At the Coast Guard station just a few miles away, Petty Officer Matt Collins of Tampa, Fla., was surprised to hear the distress call from Lee because the weather in Kenosha was "gorgeous."
Collins said he and his crew broke for a 25-foot rescue craft, but once it was learned there were seven people to be rescued he decided to take a 41-foot boat instead.
It was a decision that probably saved the lives of all involved.
"Once we got out into the weather, I knew we never would have made it in the 25-footer," Collins said. "The waves were lifting us 15 or 20 feet, slamming us down, then picking us right back up again."
An HC-65 Dolphin helicopter located the group in the water and lifted five of them out of the clutches of Davy Jones' Locker, while Collins and his crew rescued Lee, another passenger and the Coast Guard rescue swimmer who had jumped from the helicopter to coordinate the operation.
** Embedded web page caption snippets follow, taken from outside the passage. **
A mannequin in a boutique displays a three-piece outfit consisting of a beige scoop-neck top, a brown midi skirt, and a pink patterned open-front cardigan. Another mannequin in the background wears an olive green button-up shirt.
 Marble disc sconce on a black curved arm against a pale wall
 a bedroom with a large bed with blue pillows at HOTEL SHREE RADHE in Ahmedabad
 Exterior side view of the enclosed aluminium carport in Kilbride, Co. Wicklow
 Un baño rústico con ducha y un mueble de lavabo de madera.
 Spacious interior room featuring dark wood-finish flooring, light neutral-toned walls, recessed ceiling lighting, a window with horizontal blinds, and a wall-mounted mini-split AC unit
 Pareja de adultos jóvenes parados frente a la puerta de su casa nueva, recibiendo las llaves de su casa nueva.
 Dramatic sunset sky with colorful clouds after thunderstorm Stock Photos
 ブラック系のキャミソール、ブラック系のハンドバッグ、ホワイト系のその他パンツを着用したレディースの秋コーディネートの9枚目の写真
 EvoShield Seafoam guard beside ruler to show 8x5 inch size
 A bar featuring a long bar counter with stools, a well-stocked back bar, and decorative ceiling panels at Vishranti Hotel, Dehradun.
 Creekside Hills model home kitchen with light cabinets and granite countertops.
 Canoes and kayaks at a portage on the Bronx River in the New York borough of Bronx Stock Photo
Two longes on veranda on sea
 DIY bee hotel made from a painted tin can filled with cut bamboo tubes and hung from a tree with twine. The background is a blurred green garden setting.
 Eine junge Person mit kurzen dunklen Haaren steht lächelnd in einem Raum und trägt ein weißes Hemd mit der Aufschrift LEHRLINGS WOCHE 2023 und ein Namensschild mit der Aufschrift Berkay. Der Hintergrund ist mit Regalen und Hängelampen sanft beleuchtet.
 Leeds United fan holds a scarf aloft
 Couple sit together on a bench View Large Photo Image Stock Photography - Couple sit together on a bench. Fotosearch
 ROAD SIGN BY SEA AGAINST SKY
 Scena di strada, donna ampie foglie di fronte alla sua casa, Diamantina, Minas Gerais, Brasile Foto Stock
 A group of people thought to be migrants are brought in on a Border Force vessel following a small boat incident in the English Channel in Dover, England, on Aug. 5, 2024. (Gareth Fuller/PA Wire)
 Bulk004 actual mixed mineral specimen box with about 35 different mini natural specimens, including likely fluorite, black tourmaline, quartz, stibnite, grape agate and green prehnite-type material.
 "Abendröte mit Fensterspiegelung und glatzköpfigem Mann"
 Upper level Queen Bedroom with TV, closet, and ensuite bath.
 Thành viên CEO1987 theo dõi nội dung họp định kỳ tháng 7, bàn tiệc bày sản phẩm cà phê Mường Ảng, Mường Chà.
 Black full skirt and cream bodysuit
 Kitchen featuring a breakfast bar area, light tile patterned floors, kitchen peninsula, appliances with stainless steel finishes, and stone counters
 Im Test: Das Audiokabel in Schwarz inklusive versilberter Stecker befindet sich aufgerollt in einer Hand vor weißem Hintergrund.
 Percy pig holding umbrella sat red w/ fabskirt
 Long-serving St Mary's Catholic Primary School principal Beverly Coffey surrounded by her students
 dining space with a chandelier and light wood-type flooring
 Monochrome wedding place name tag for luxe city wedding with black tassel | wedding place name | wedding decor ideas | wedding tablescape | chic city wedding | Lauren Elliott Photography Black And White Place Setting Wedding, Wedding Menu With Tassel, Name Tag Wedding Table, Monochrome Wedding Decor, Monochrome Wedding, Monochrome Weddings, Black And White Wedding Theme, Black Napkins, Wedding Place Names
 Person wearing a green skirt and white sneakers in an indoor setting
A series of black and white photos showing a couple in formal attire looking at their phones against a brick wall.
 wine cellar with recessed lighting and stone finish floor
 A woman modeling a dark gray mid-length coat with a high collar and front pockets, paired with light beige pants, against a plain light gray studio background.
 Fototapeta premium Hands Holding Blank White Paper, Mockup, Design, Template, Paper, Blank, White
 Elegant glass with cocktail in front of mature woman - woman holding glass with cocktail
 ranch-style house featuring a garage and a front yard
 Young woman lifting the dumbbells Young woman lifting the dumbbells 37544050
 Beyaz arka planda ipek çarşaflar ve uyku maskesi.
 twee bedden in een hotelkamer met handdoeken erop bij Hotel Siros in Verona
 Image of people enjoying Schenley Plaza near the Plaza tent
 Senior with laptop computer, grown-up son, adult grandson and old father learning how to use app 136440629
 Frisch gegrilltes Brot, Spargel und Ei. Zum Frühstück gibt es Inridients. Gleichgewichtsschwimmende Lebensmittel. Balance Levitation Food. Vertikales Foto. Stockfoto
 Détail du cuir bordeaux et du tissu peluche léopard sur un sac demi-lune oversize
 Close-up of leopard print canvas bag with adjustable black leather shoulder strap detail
All aboard the Fin Seekers were suffering from hypothermia, and Lee had his cuts from the windshield, but they all survived.
The group was aboard the boat for the annual company trip for Emma's Nova Communications in Geneva, and it was Emma who provided the food for his heroes Saturday.
He also brought bright orange T-shirts emblazoned "Lake Michigan 7" on the front and "Coast Guard #1" on the back for the survivors.
"No question that these guys saved our lives," Emma said. "The least I could do was buy them lunch."
Such a harrowing experience changes lives, and Emma said he has not been on a boat on Lake Michigan since and feels "no need to go back."
Lee quit the charter boat business and now splits his time between managing a care center for senior citizens in Decatur and doing missionary work in the Philippines.
He said he has been back on the lake just once since his boat sunk, on a diving boat to recover whatever they could of the wreckage.
"We got some fishing poles and some other stuff," Lee said. "We were also able to find my Bible, which I never thought I was going to see again."
Lee may have given up the seagoing life, but he still knows a good captain when he sees one.
"You had a look of concern on your face, but you were definitely in control," he told Collins. "You were shouting orders, making sure everybody knew what to do, and I knew just by looking at you that we were going to be all right."